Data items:
========================================
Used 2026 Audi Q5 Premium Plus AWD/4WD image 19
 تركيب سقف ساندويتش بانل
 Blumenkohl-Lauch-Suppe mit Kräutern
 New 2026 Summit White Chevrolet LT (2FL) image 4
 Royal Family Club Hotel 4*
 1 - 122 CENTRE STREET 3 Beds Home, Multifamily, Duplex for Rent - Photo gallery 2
========================================
REQUIRED ACTION:
Find the line containing "Royal Family Club Hotel 4*", then output it and every line after it to the end of the data, exactly.

EXPECTED ANSWER:
 Royal Family Club Hotel 4*
 1 - 122 CENTRE STREET 3 Beds Home, Multifamily, Duplex for Rent - Photo gallery 2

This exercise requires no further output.